It sounds to me like the progressivism of the Progressive Era had yet to become one-eyed. Scientific and moral progress were coupled together, which meant that, for a brief moment in American history, one ideal kept the other’s excesses in check. This explains people like Margaret Sanger, who believed in the moral progress of racial equality but also realized that, empirically, the best way to achieve racial equality was through serious eugenic policies for blacks.
Today, in practice and in reality, moral and scientific progress are completely de-coupled. This explains people like [insert random progressive here], who believe in the moral progress of racial equality but have no empirical foundation for bringing it about, and so resort to a magical defensive tactic (“institutional racism!”) to explain why the good magic hasn’t happened yet. Today’s progressives are often outright hostile to notions of scientific progress.
Nevertheless, despite the reality, in today’s progressive and popular imaginations, moral and technological progress still are one and the same, inextricably linked. This is an epiphany I had while teaching class today. I overheard some students talking, and they seemed to reject a right-wing position as quickly and thoughtlessly as though they were rejecting the use of horse-and-buggy as a means of transportation to tonight’s sorority party. “Oh, people just don’t think that way anymore” or “We’ve moved beyond that kind of philistine thought” or “That is so how my grandfather talks!” As though notions of sovereign borders were as quaint as Ptolemaic cosmology.

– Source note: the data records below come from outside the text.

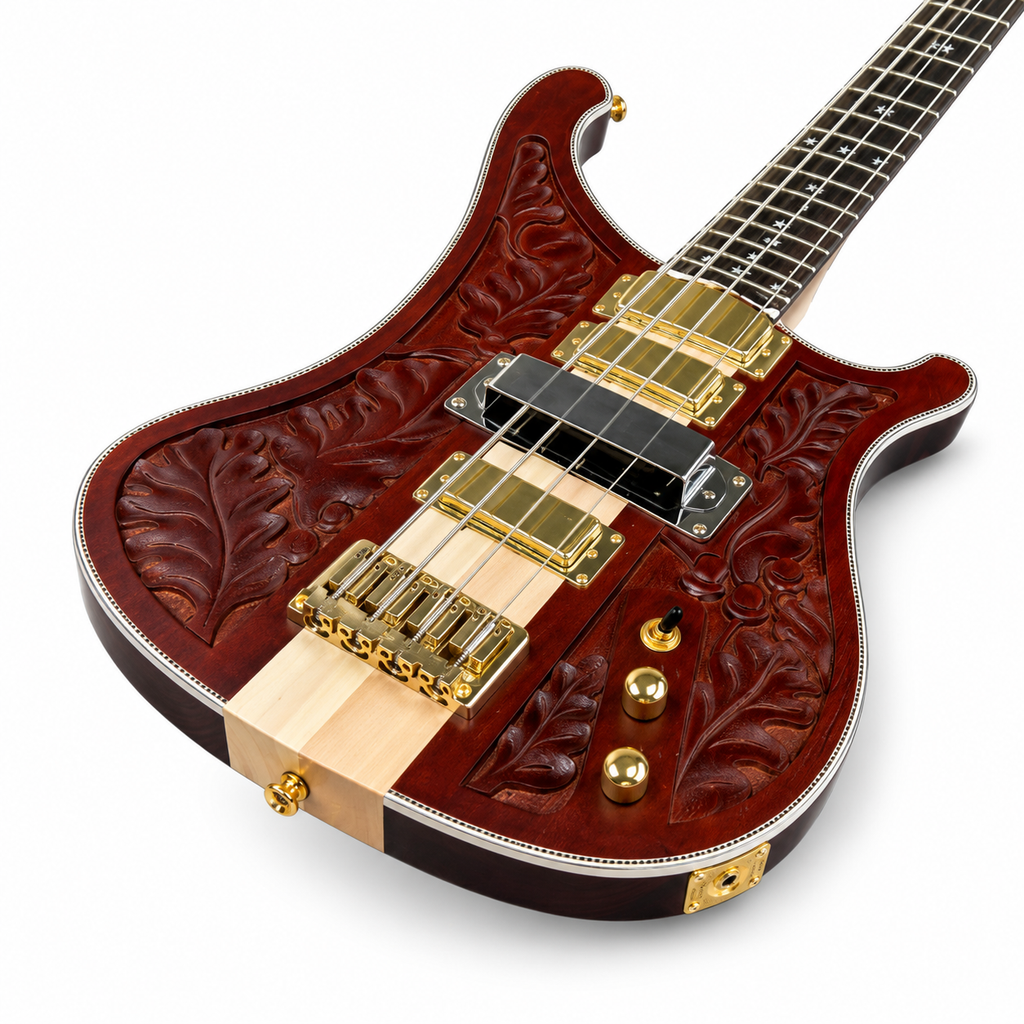 4003-Style Carved Electric Bass – Brown Finish
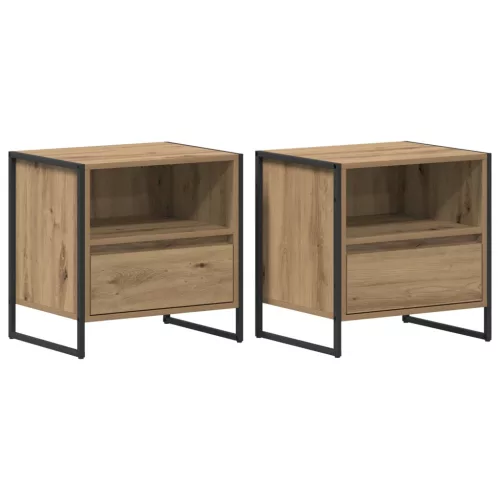  Éjjeli asztal 2 pcs Művészi tölgy 50 x 39,5 x 50 cm Faanyag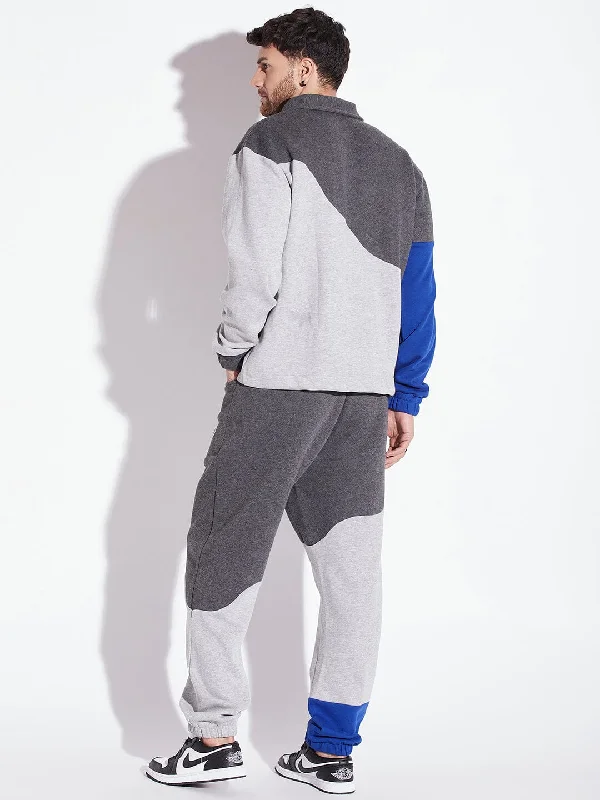 Grey Cut Sew Polo Collared relaxed Tracksuit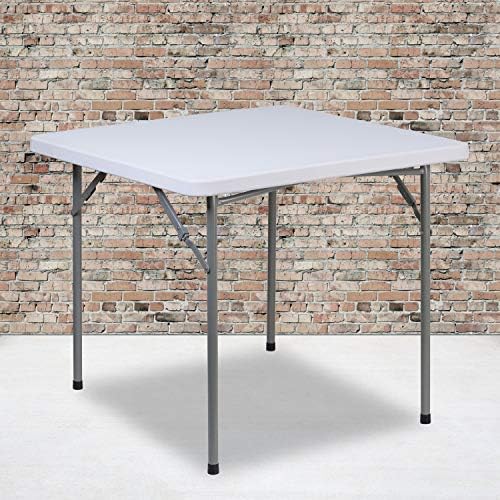 EMMA + OLIVER 2.81-Foot Square Granite White Plastic Card and Game Table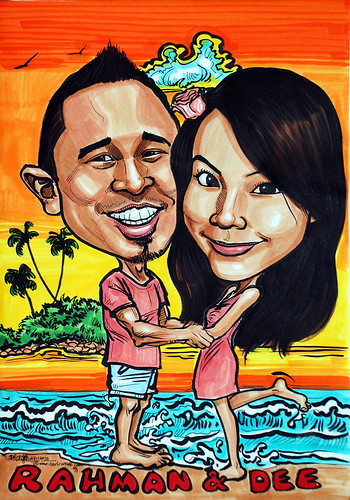 couple caricatures @ Sentosa beach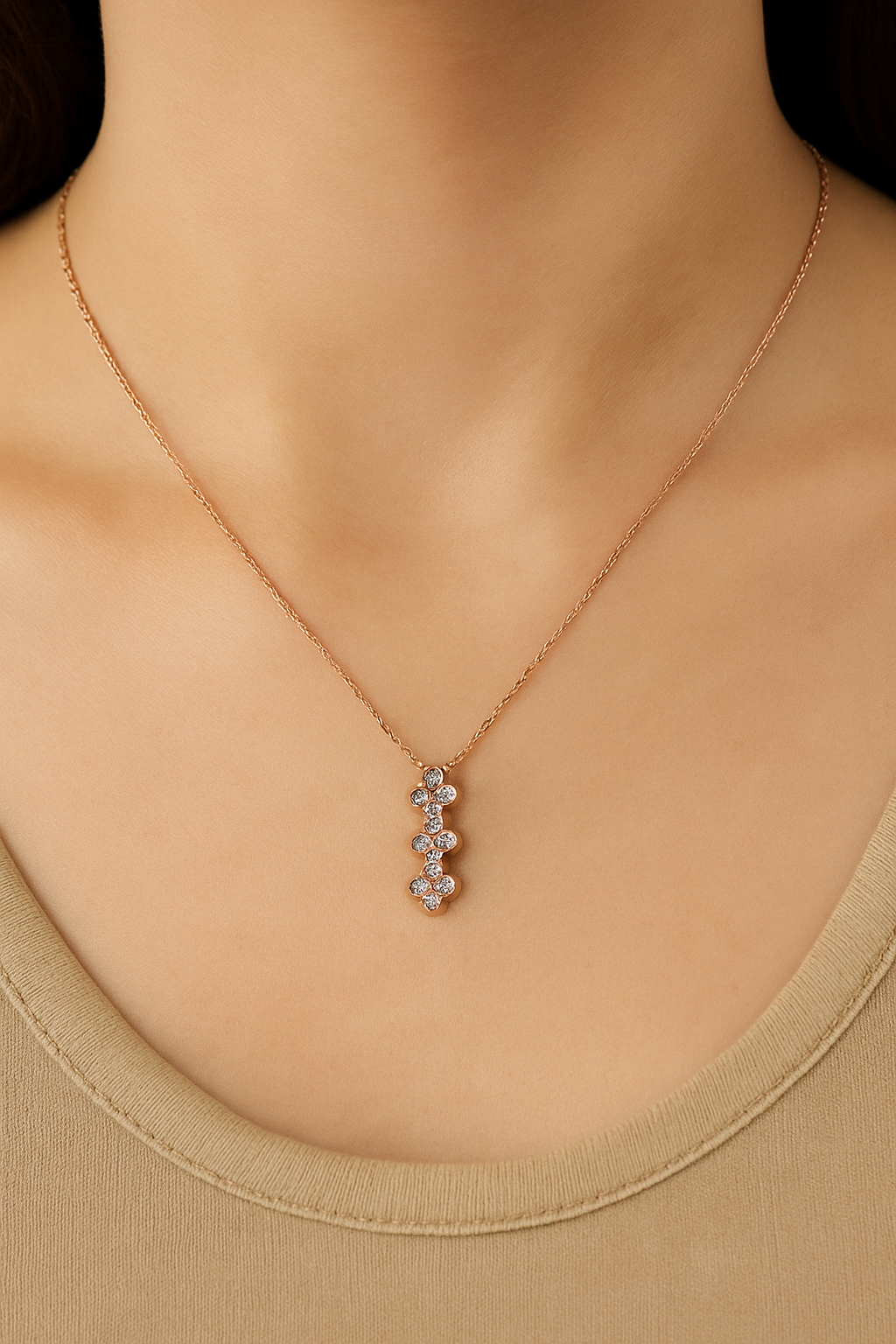 Flora Drape Necklace – CZ Blossom Cluster Pendant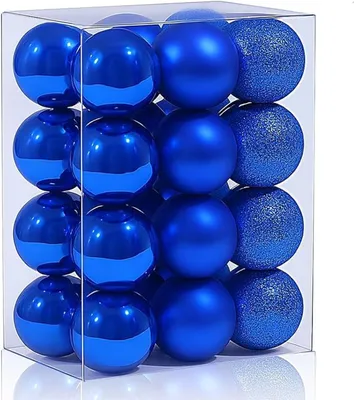 24 blaue Weihnachtskugeln, glitzernd, 3 cm, bruchsicher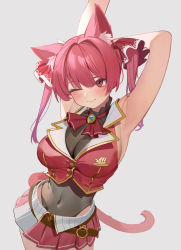 Rule 34 | 1girl, absurdres, animal ear fluff, animal ears, arm behind head, armpits, arms up, ascot, bare arms, black leotard, blush, breasts, cat ears, cat girl, cat tail, cleavage, closed mouth, cowboy shot, cropped jacket, hair between eyes, hair ribbon, highres, hololive, houshou marine, jacket, large breasts, leotard, long hair, one eye closed, pleated skirt, red ascot, red eyes, red jacket, red ribbon, red skirt, ribbon, ruiuncle, see-through, see-through cleavage, simple background, skirt, sleeveless, sleeveless jacket, solo, standing, tail, twintails, virtual youtuber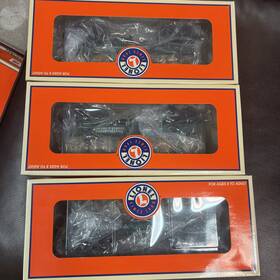 6-29430 Lionel Meadow River Lumber Skeleton Log Cars 3-pack #2 O Scale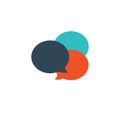 Speech bubbles different colors. talk communication speech bubbles. Dialog elements. Conversation and tech support icon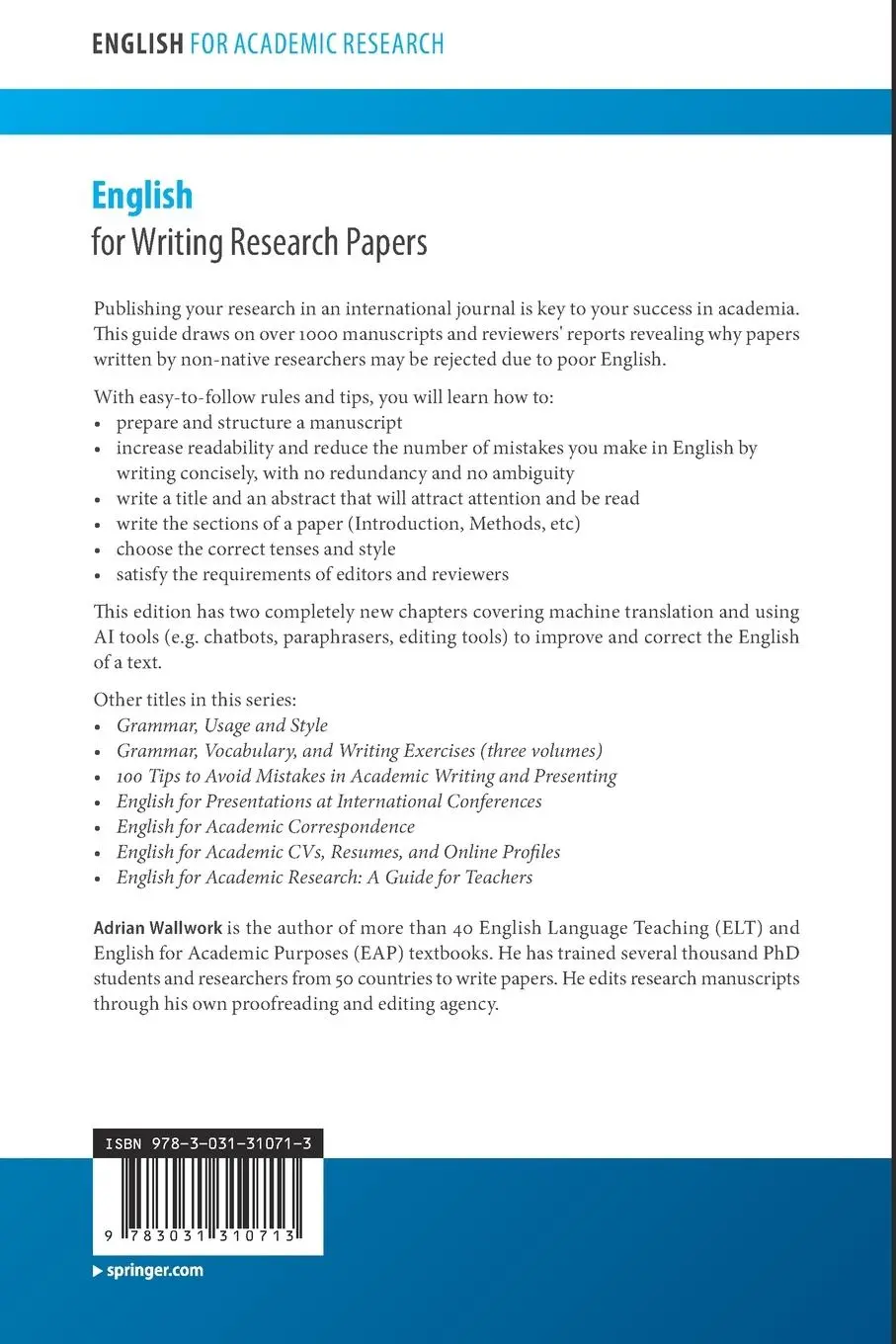 Rückseite: 9783031310713 | English for Writing Research Papers | Adrian Wallwork | Taschenbuch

Moral and technological progress are two non-overlapping time-shapes. The latter is empirically observable, the former is either a fiction or a temporary reprieve from Hobbesian violence safeguarded by high-trust civilizations. In the American Progressive Era, they were coupled together, with interesting and not entirely unsatisfactory results. Today, we operate only with the Progressive Era’s belief in moral progress, but this belief is, among the progressive elite, de-coupled from a concomitant belief in scientific and technological progress. No more checks and balances. The one-eyed, headlong pursuit of the Moral Prize hurtles us toward Left Singularity.